Sports nutrition: eating breakfast is vital in aiding recovery

Breakfast is vital for helping your metabolic and energy-producing processes swing into action

By Andrew Hamilton BSc Hons MRSC ACSM

It's one of the oldest clichés in the book, but 'breakfast like a king, lunch like a prince and dine like a pauper' is no less true for that.

Breakfast is an incredibly important meal; not only does it help your metabolic and energy-producing processes swing into action after a night's rest, research has also shown that those who eat breakfast experience superior mental performance during the morning, and increased physical performance later in day ­ the time when many of us with 9-5 routines have to train.

Moreover, it's also a fact that eating a decent breakfast also reduces the likelihood of food cravings later in the day; when given the opportunity to select from a wide range of foods, those who eat breakfast tend to automatically make healthier food choices in the evening compared to those who don't.

But there's also another dimension to breakfast. Provided it is chosen carefully, a cereal and milk breakfast can actually make an extremely nutritious snack at other times of the day. Even better, very recent research has also shown that cereal and milk can promote recovery after exercise as effectively if not more effectively than some 'sports recovery drinks'!

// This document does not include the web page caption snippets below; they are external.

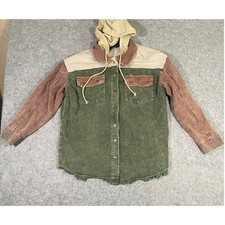 Colorblock Corduroy Hooded Shacket Green Mauve Frayed Hem Snap Front Jacket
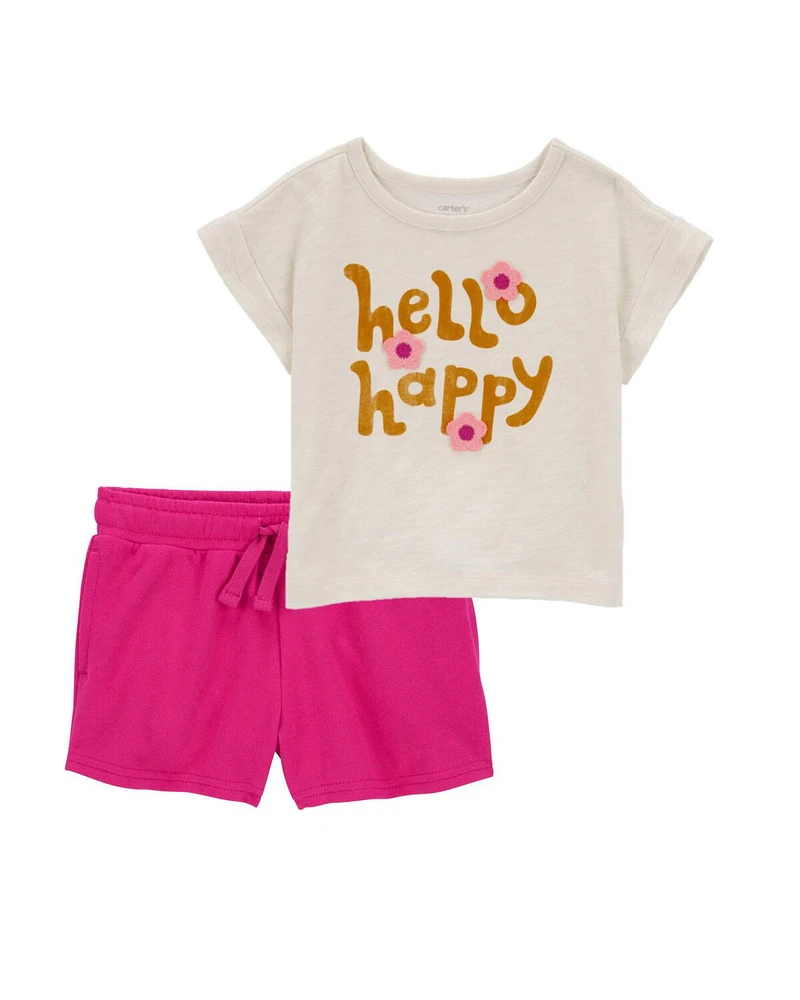 Toddler 2-Piece Hello Happy Tee & Pull-On Shorts Set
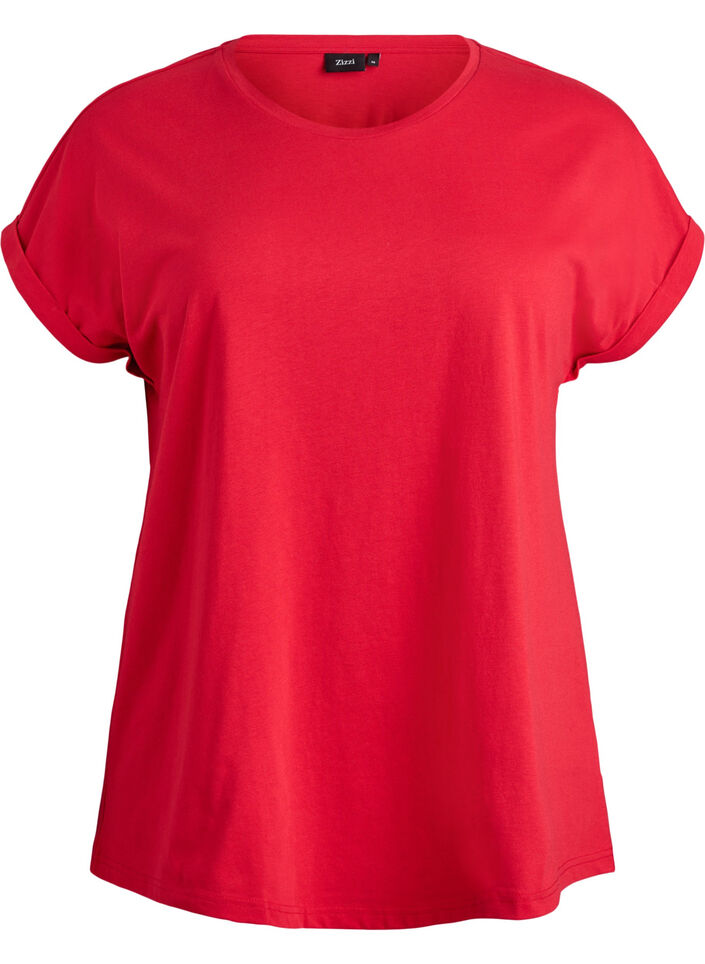 Short-sleeved cotton blend t-shirt, Red, Packshot image number 0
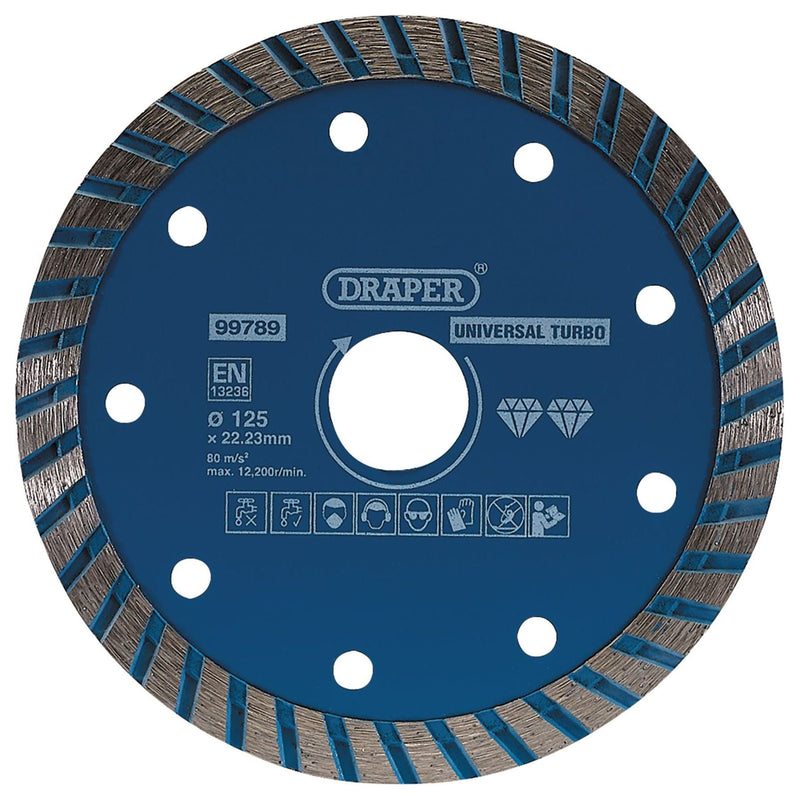 Draper Turbo Diamond Blade, 125mm 99789 Draper - Town Tools 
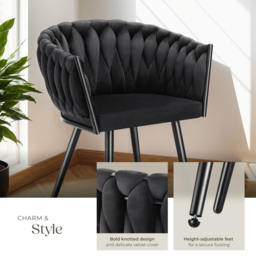 Tectake Astano Set of 4 Black Dining Chair - Size: 75 x 60.5 x 55cm - Wilko - thumbnail 4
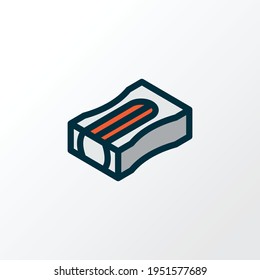 Pencil sharpener icon colored line symbol. Premium quality isolated sharpen element in trendy style.
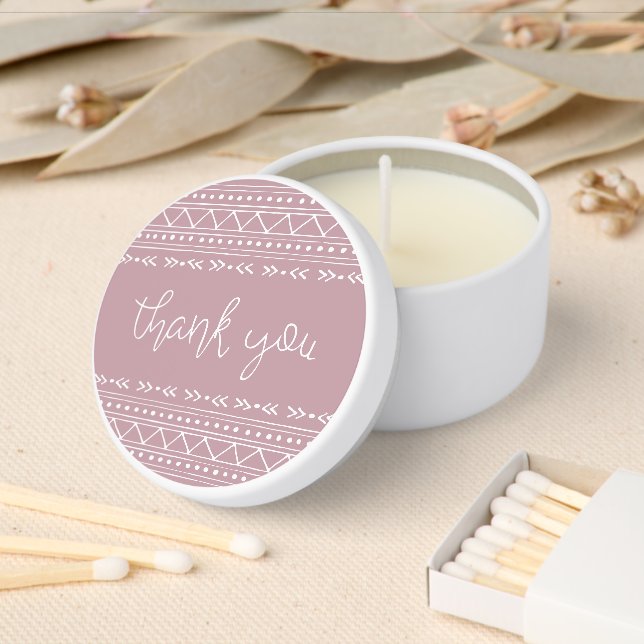 Mauve Modern Boho Thank You Mini Candle Favors (Insitu)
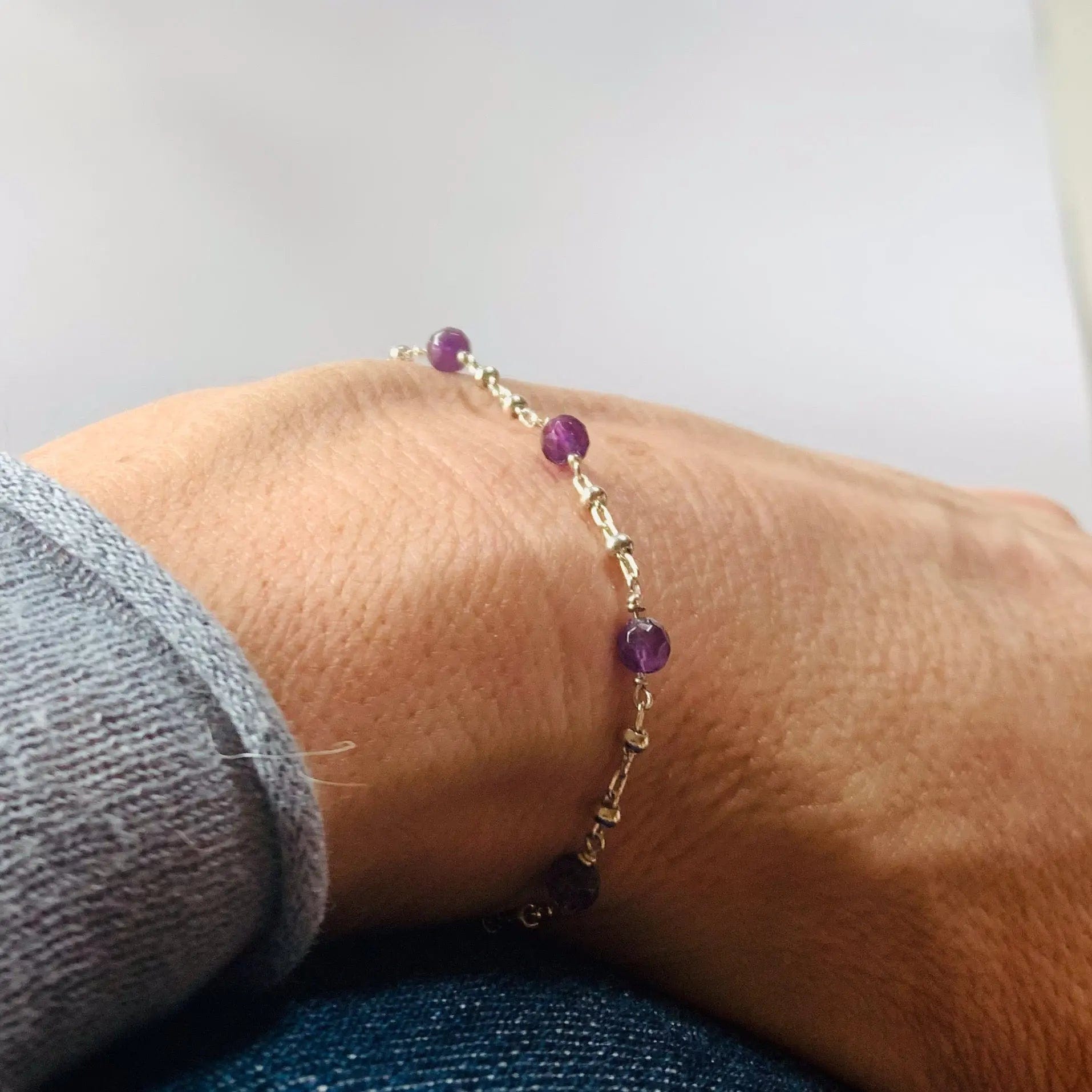 Bracelet en argent 925 et Améthyste - Bracelet artisanal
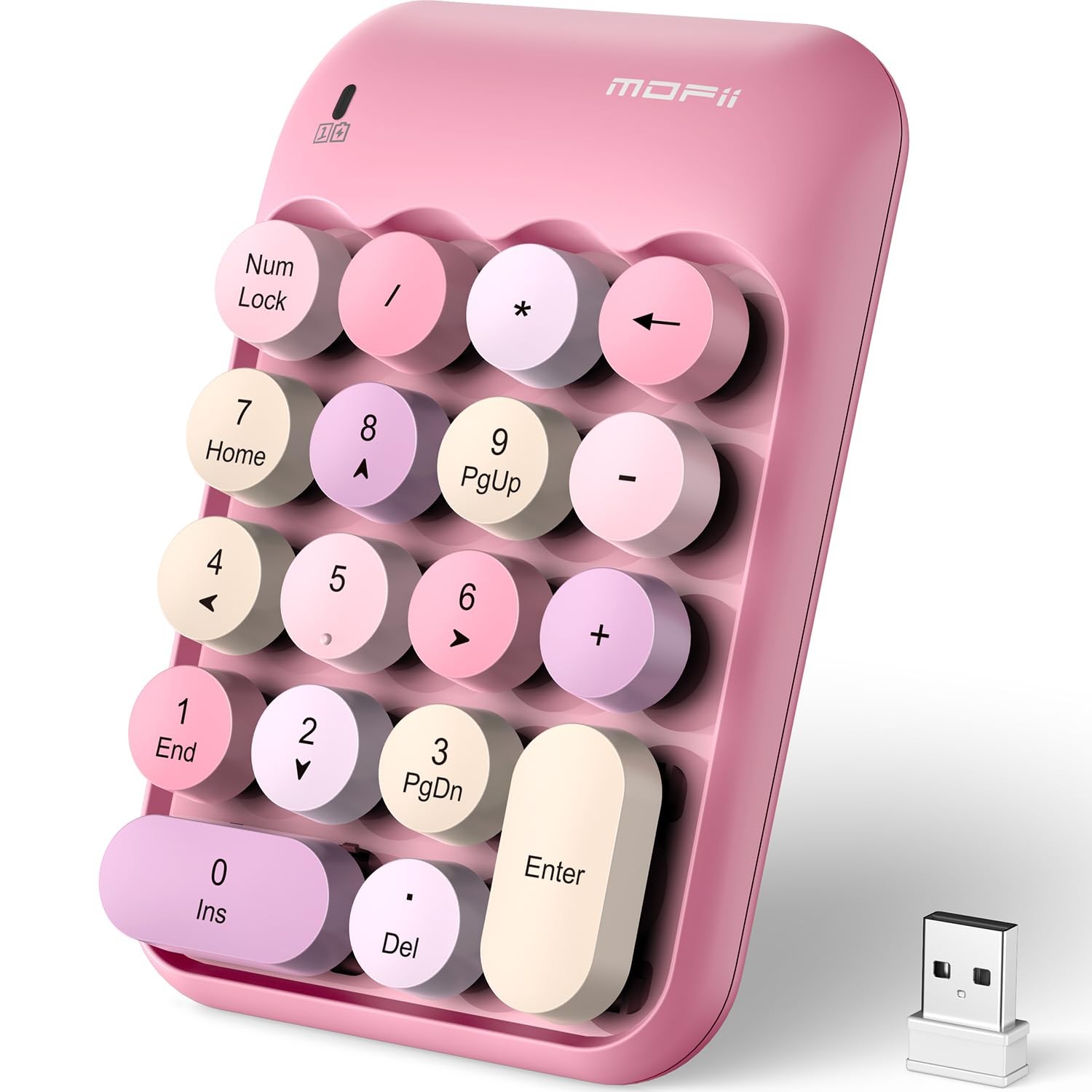 Cute Colorful Wireless Number Pad - 18 Keys, Portable 2.4 GHz with Stable Wir...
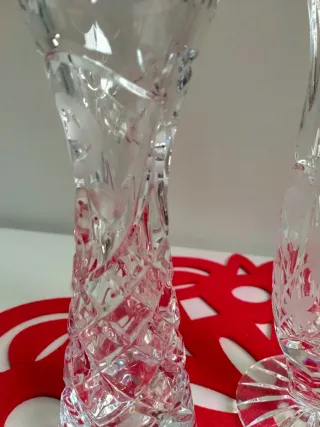 2 Violeteros de Cristal Tallado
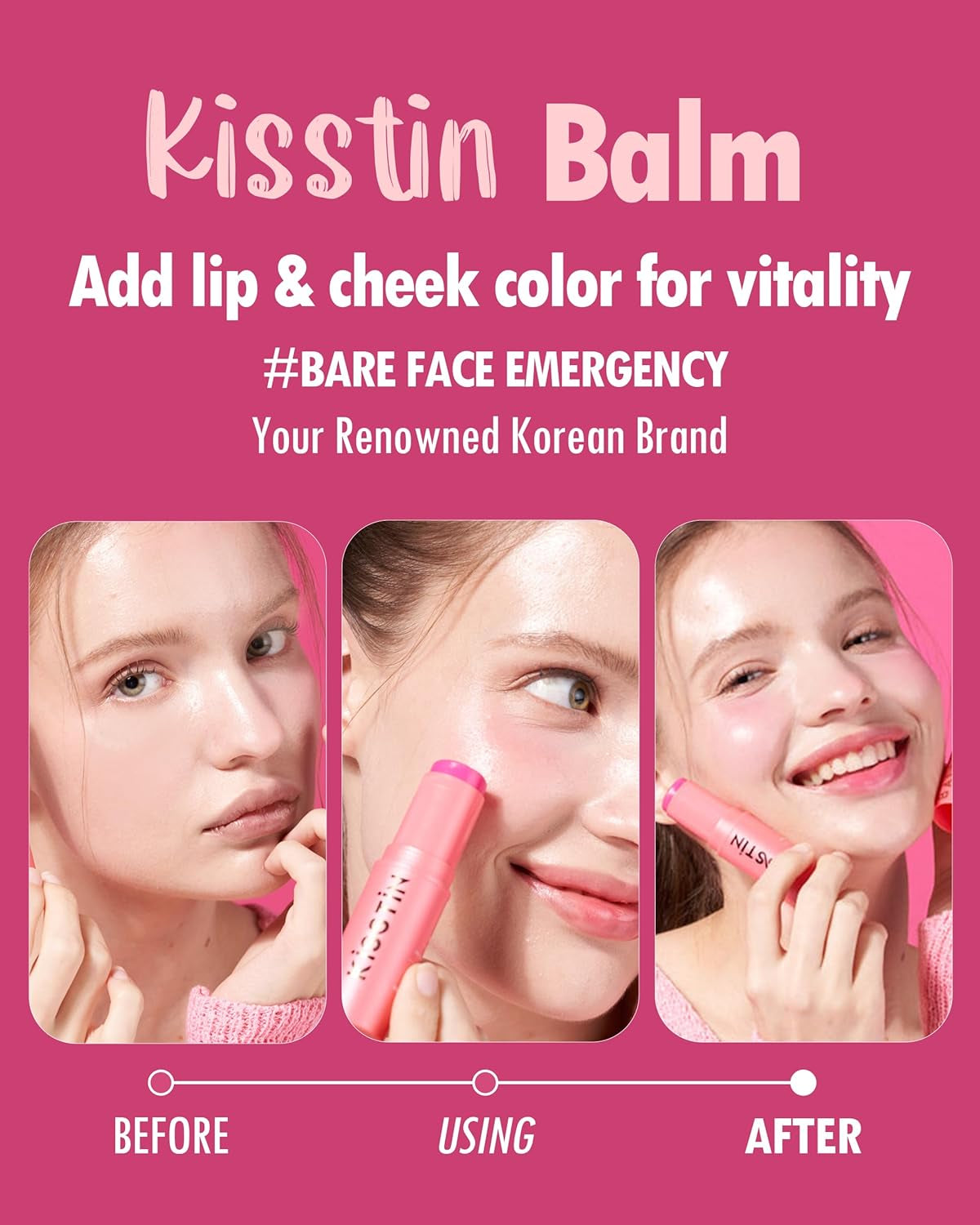 Kisstin Balm - Skin-Refining Face Moisturizer & Makeup Stick | Nourishing Beauty Moisturizer Stick | Makeup-Enhancing Glow Balm (0.32 Oz)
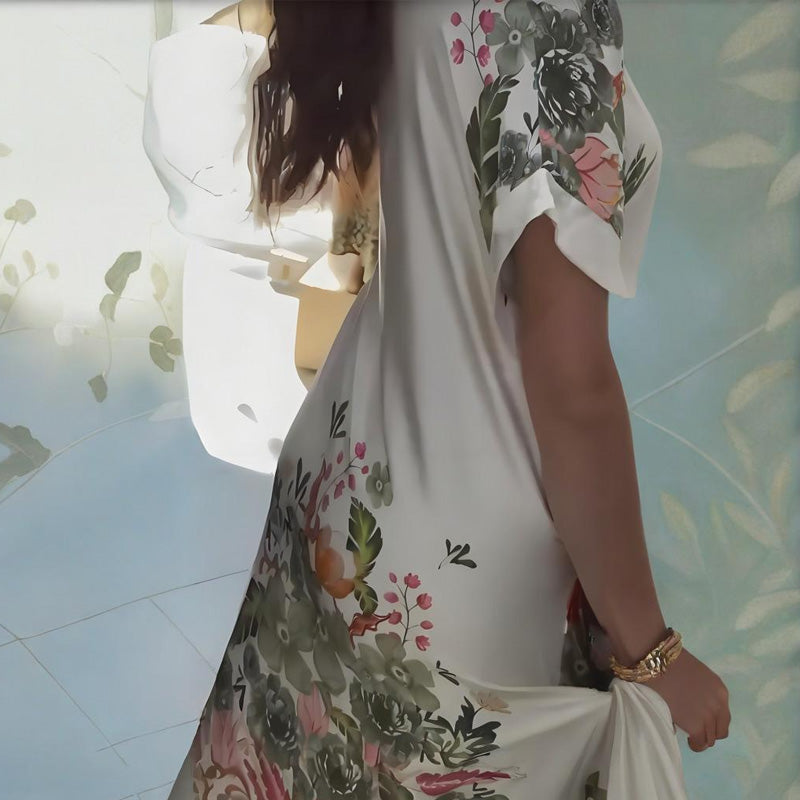 Rochie lejeră cu imprimeu V-3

The beauty of a cereal and milk snack of course is simplicity and speed of preparation; there's no faffing around with recipes, neither are there piles of dishes to wash up either. You don't even have to use a blender, which as we all know, are carefully designed by manufacturers to collect as much debris as possible in the most inaccessible recesses, thereby frustrating your best efforts at the sink to get them clean again! 

The perfect breakfast and recovery snack

The hardest part about putting together a good breakfast snack these days is working out exactly what on earth to buy; supermarkets are now stuffed to the brim with endless cereal products, which range from superbly healthy pure 100% whole grains (perhaps with a bit of natural dried fruit added) to nutritional disaster areas consisting of nothing more than sugar, salt and fat with a bit of added sawdust to glue it all together! And even if you do manage to navigate your way to a cereal that is made from 100% whole grains and free from added sugar (any ingredient ending in 'ose' basically!) and fat, there's still an awful lot of choice out there, which can be confusing to say the least. You might therefore be wondering what the very best breakfast/recovery snack is?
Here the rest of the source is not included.